Bounded variables, on the other hand, complicate the measurement of inequality. Given that bounded variables can take the form of attainments or short falls the mirror property that requires absolute values of health I(h) and ill health I(1 − h) to be equal with different signs, is not satisfied with the standardised concentration index [32]. In this regard, one common practice concerning variables with a limit is the use of the Erregyer corrected concentration index. The index is desirable as it satisfies properties required for bounded variables [33]. The equation for the Erregyer index is as follows:

$$ CCI=\frac{4\mu }{b-a}\ast C $$
(2)

where CCI is the corrected concentration index, μ is the mean of the attained healthcare, b and a the maximum and minimum values, respectively, and C the standardised concentration index [32,33,34].

Decomposition analysis

A decomposition analysis was conducted to determine how upstream factors such as health status, need and access barriers contribute to downstream socio-economic inequality in healthcare utilisation.
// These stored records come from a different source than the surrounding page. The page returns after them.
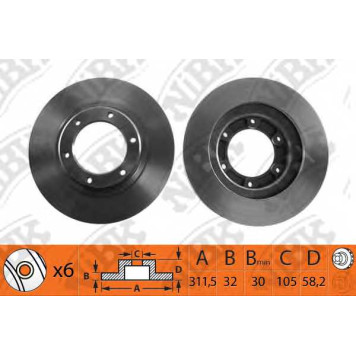 Тормозной диск NiBK RN1066
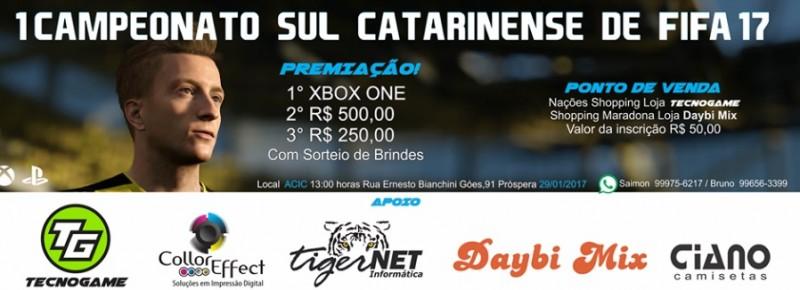 Criciúma sedia primeiro Campeonato Sul Catarinense de FIFA 17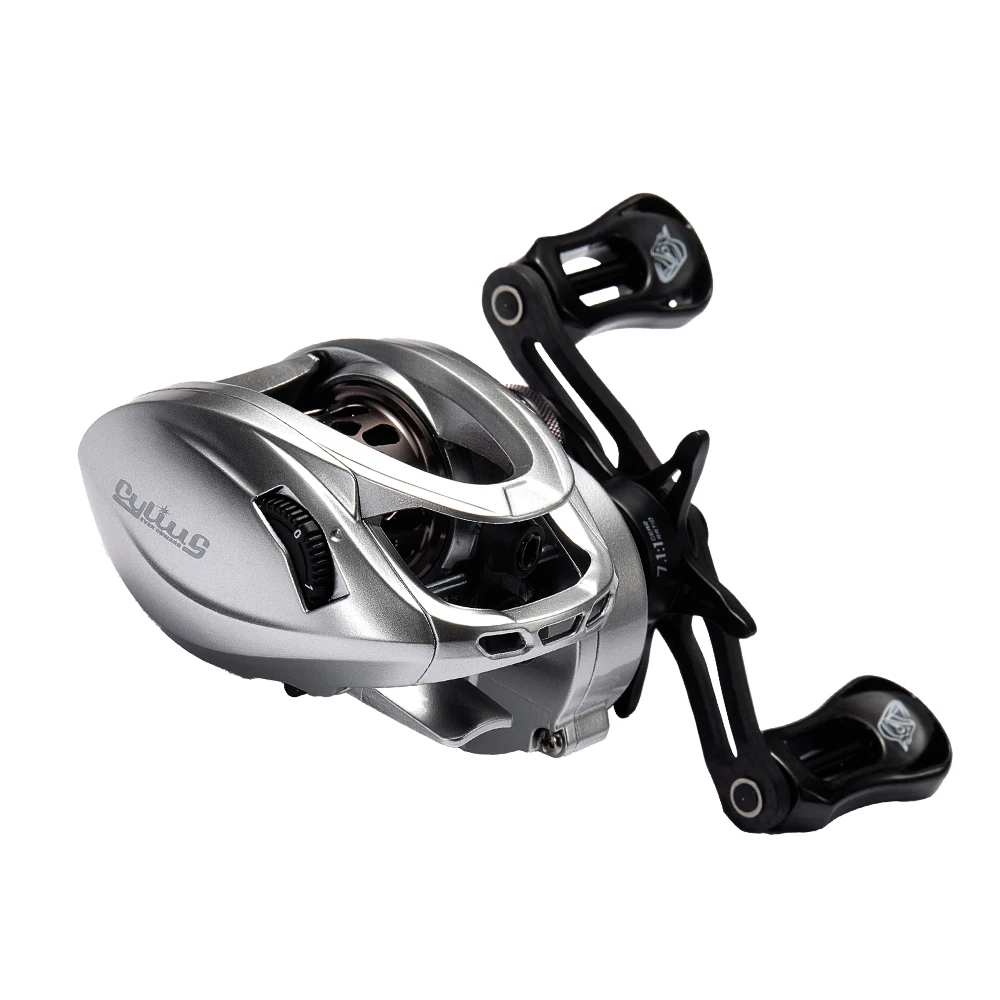 

Cylius Acura HICC-50 136g Ultralight Baicasting Fishing Reel 7.1/8.1 Gear Ratio High Speed 11+1BB 5KG Drag Baitcaster Reels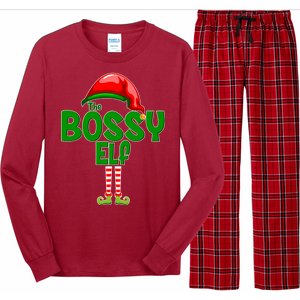 The Grumpy Elf Matching Christmas Long Sleeve Pajama Set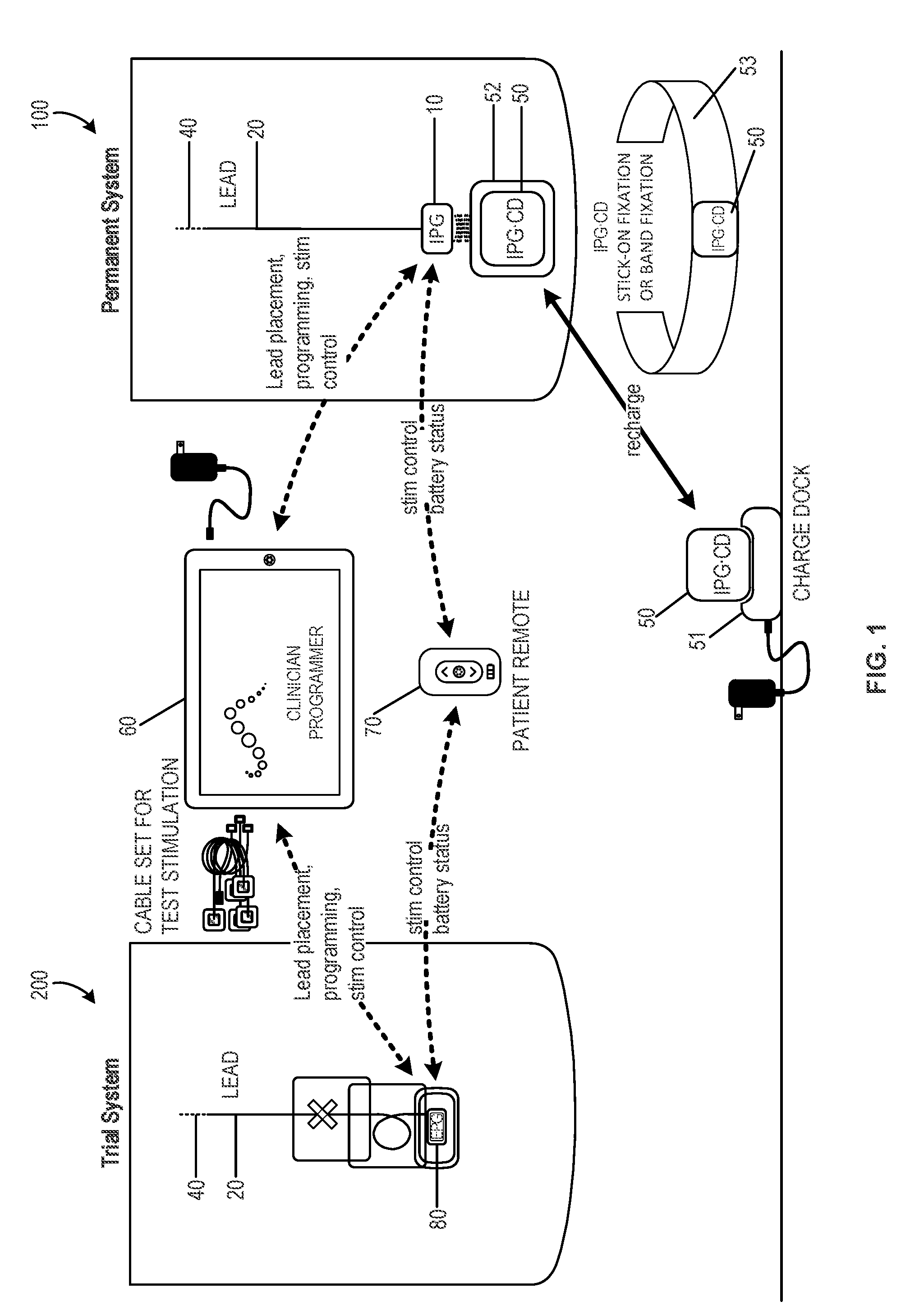 Implantable nerve stimulator having internal electronics without asic and methods of use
Following Wagstaff [35], Eq. 3 depicts the linear relationship between the health variable (utilisation) and its determinants:

$$ {h}_i={\beta}_0\sum \limits_{k=1}^K{\beta}_k{x}_{ik}+{\varepsilon}_i $$
(3)

where hi is the healthcare variable of interest, xik the set of demographic and socio-economic contributing factors, and εi the error term. Like the concentration indices, the decomposition technique used for the standard concentration index (C) (not shown here) [35,36,37] is modified to suit the corrected concentration index (CCI) as follow:

$$ CCI(h)=4\left[\sum \limits_{k=1}^K{\beta}_k{\overline{x}}_kC\left({x}_k\right)+G{C}_{\varepsilon}\right] $$
(4)

The decomposed CCI is the summed product of the degree of responsiveness, i.e. the elasticity \( \left({\beta}_k{\overline{x}}_k\right) \) to health changes and the degree of socio-economic inequality C(xk) in that determinant, plus the generalised concentration index of the error term (GCε), all multiplied by 4. All things being equal, a positive contribution (x %  > 0) by a factor would decrease socio-economic inequality. Alternatively, a negative contribution (x %  < 0), all things being equal, would increase socio-economic inequality [20, 38, 39]. The unexplained part of the contribution of factors to inequality, the residual, can take on negative values, with an explained percentage in excess of 100%, which, by interpretation, suggests that measured inequality is completely explained by the model’s explanatory variables [40], as has been the case in other decomposition studies [40,41,42,43,44]. To determine whether actual and perceived need and access barriers are sector-specific, the decomposition analysis was stratified by private/public healthcare utilisation as characterised by the two-tiered South African health system. The Generalised Linear Model (GLM) from the binomial family with a link function was used as it is considered the least sensitive to the choice of reference group when the dependent variable is a binary health outcome [45]. The decomposition analysis was bootstrapped at 500 replications to obtain standard errors and p-values for the statistical significance of the absolute contributions [46]. Data analysis was conducted in STATA software version 15 and weighted with post stratified sample weights.

Results

Description

Table 2 describes the adult sample’s socio-demographic characteristics and each of the access variables. The adult sample comprised slightly more females than males (52% versus 48%). The average age of respondents was 37 years. Respondents mainly comprised Africans (78%) and lived mainly in urban areas (67%).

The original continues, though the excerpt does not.